我が家では毎年、仲人さんにお中元とお歳暮を贈っている。 今回は主人がネットで見繕ったものを送った。 私よりも彼の方が鼻が利くので。
以前、私が選んで失敗しかけた事があったのだ。 JALUXのカタログを見て、とても惹かれた商品があった。 それは、北坂たまごのプリン。
これがとても美味しそうに見えたので、 「これにしようよ」 と主人に提案すると、彼は難色を示した。 「どうかなあ。
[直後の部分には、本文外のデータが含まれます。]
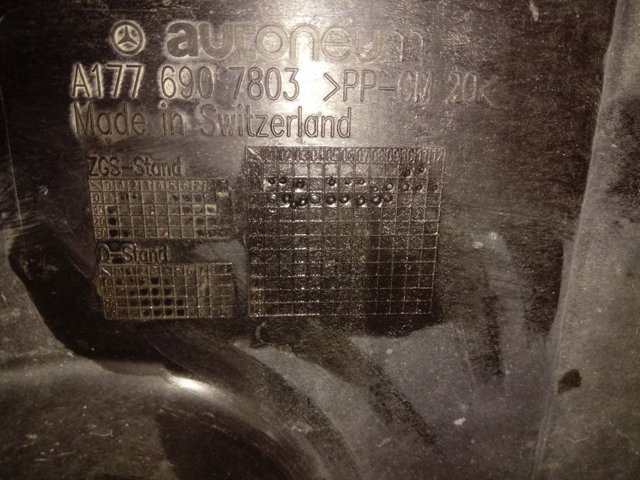A1776907803 Mercedes Захист днища, задній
こっちの方がいいと思うけれど」 と、彼は別の商品を贈りたがった。 仲人さんは主人の元上司なので、最終決定権は主人にあると思い、私は譲歩して彼の推す品物を贈った。 しかしあのプリン、どうしても食べてみたい。 「じゃあさ、あれはうち用に買おうよ!」 と半ば強引に取り寄せる事にした。 いちいち煩い事は言わない主人なので、シオンがそんなに言うならいいよ、とあっさり買ってくれた。 家に届いた日に早速、夕食後のデザートに開封した。 殻を剥いてカラメル・シロップを掛け、わくわくしながら口に運んだ。 「…………」 無言になる2人。 あれ? 「あんまり美味しくないんですけれど……」 悪い意味で期待を裏切られて呆然とする私。 一方主人は、 「これさ、中はただの卵だから、プリン自体には味が付いていないんだよ。味はキャラメルだけに頼っている訳だから、微妙なんだよね」 と冷静に分析していた。 この時の私の落胆振りと来たら、思い出したくないぐらいだ。 だって安くない物をわざわざ通販で取り寄せて、このざまだよ? 唯一の救いは、仲人さんに贈らなくて良かったという事だろうか。 主人の言う通りにしておいて、本当に良かったと思った。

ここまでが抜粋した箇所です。